EXTRACTED ENTRIES:
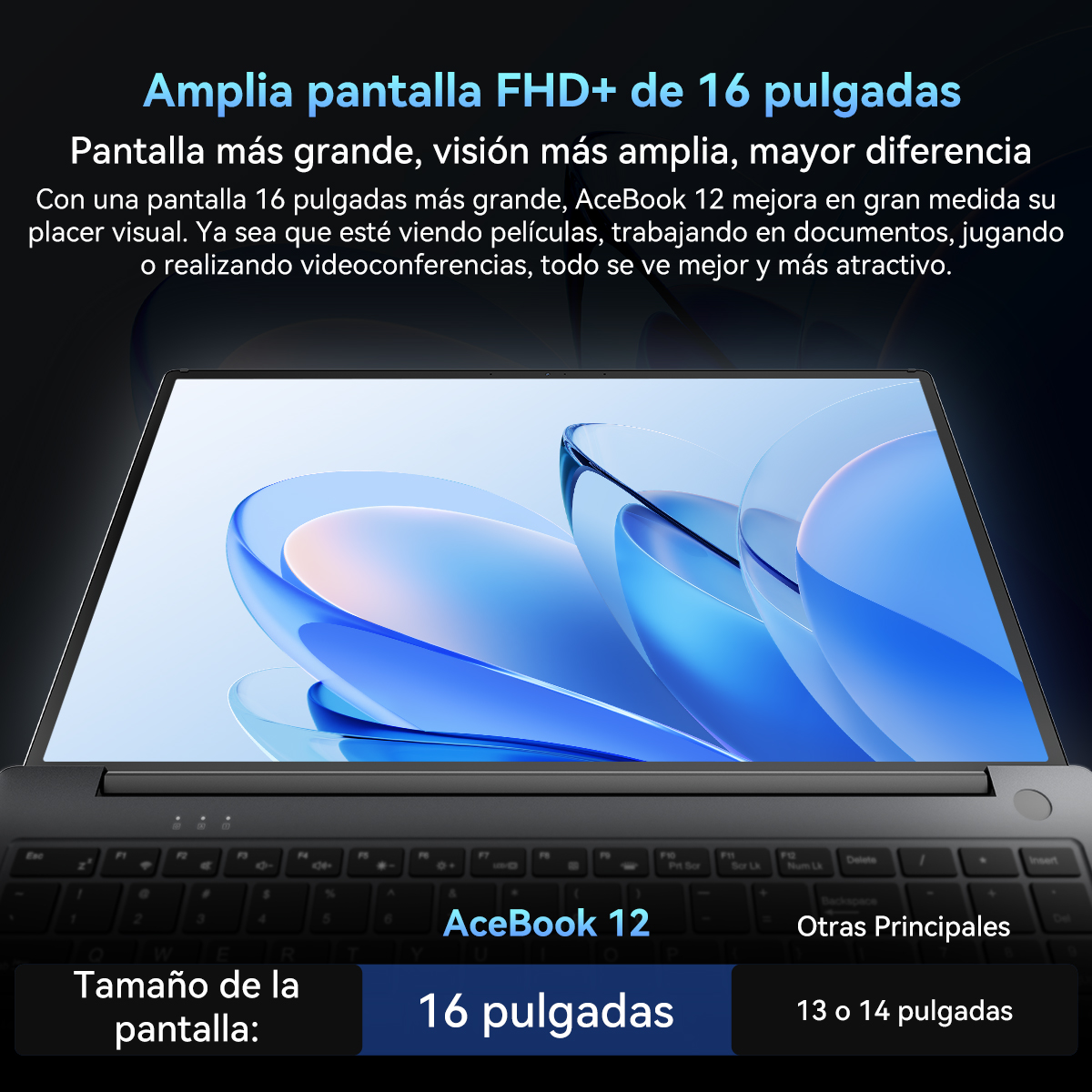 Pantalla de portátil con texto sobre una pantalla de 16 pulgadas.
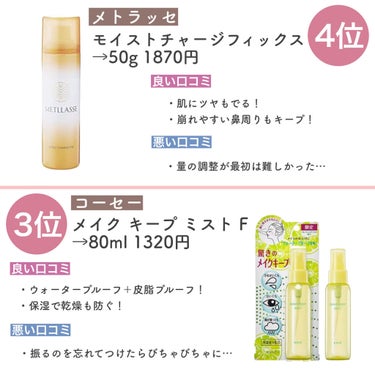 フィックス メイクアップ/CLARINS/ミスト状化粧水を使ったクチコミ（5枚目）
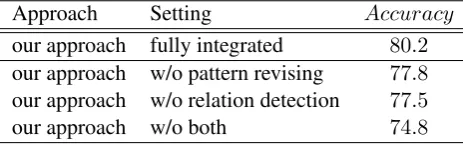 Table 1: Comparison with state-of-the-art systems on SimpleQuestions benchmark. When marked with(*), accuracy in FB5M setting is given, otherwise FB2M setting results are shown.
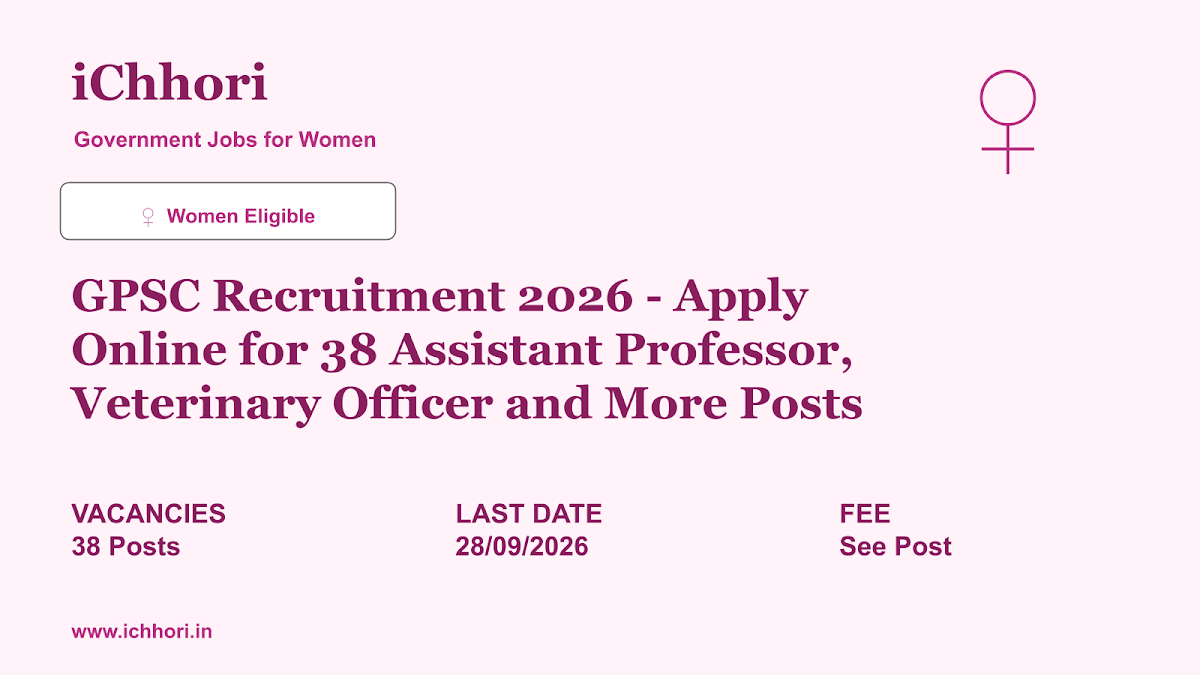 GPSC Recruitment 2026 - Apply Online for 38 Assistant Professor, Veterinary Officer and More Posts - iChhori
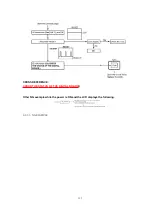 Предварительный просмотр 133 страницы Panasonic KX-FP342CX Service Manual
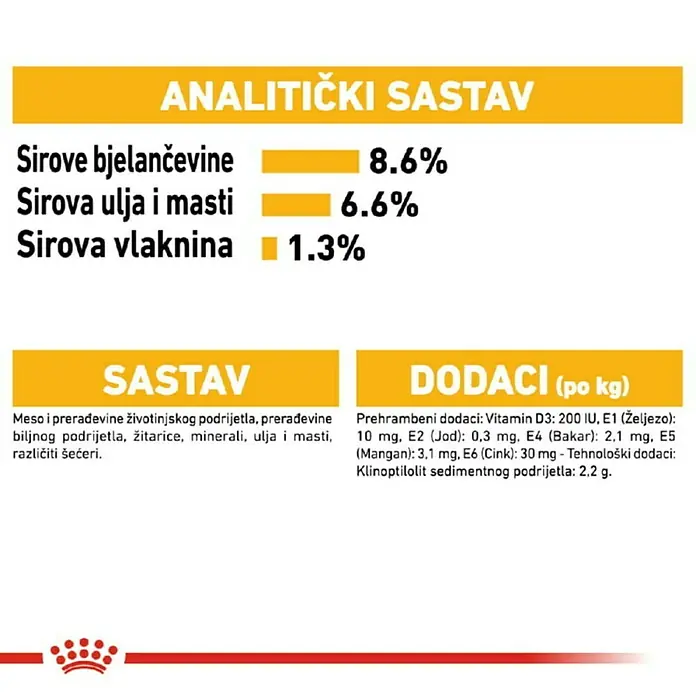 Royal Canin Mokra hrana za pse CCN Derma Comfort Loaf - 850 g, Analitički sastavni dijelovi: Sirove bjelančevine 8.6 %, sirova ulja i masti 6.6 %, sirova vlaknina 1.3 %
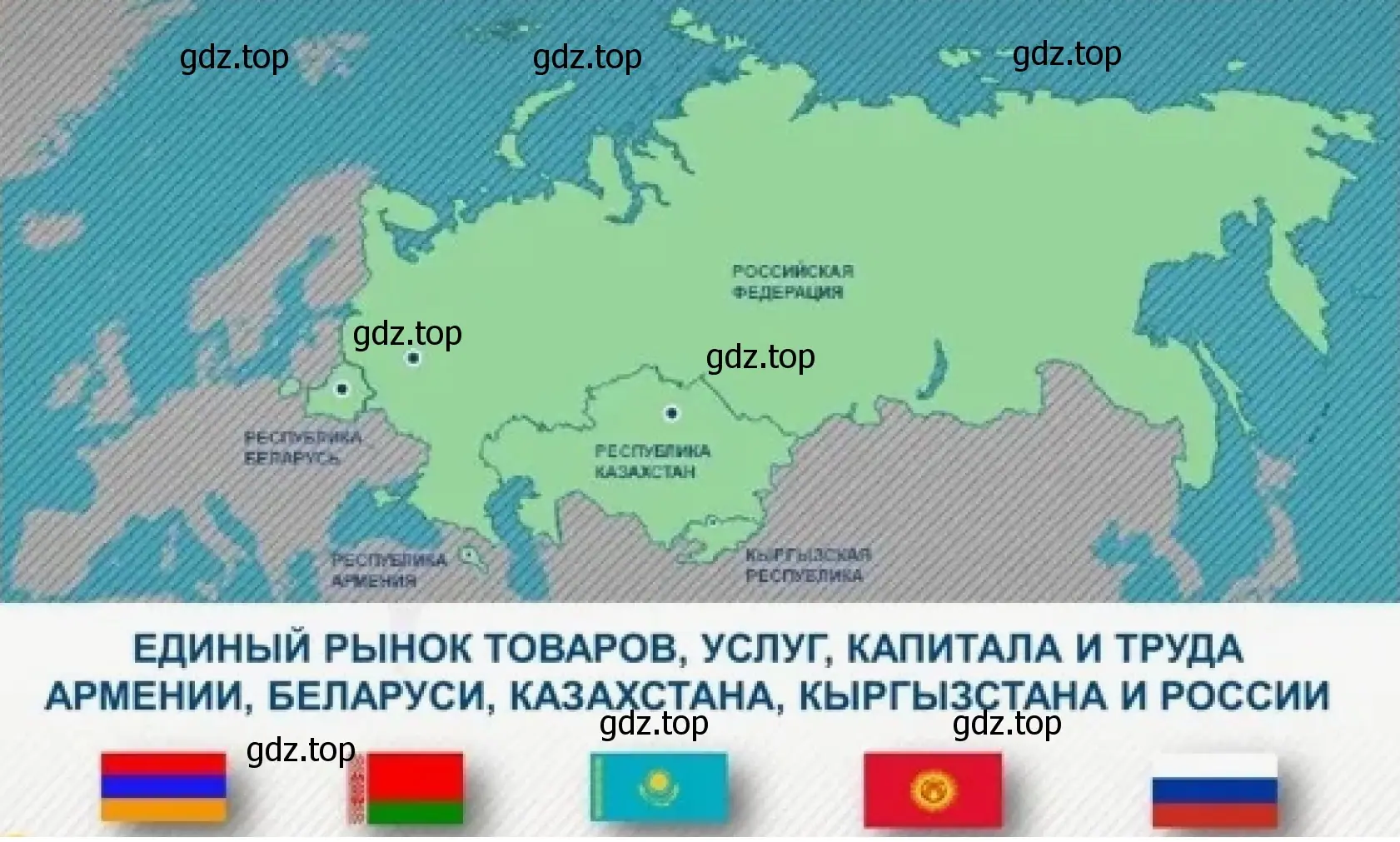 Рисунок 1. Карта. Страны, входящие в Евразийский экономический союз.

WORK TO COMPLETE: Copy only the part of the records that runs from the first line to the line with "Предварительный просмотр 133", ends included, leaving pictures out.

ANSWER SECTION:
 Pantalla de portátil con texto sobre una pantalla de 16 pulgadas.
 フィックス メイクアップ/CLARINS/ミスト状化粧水を使ったクチコミ（5枚目）
 Table 1: Comparison with state-of-the-art systems on SimpleQuestions benchmark. When marked with(*), accuracy in FB5M setting is given, otherwise FB2M setting results are shown.
 GPSC Recruitment 2026 - Apply Online for 38 Assistant Professor, Veterinary Officer and More Posts - iChhori
 Предварительный просмотр 133 страницы Panasonic KX-FP342CX Service Manual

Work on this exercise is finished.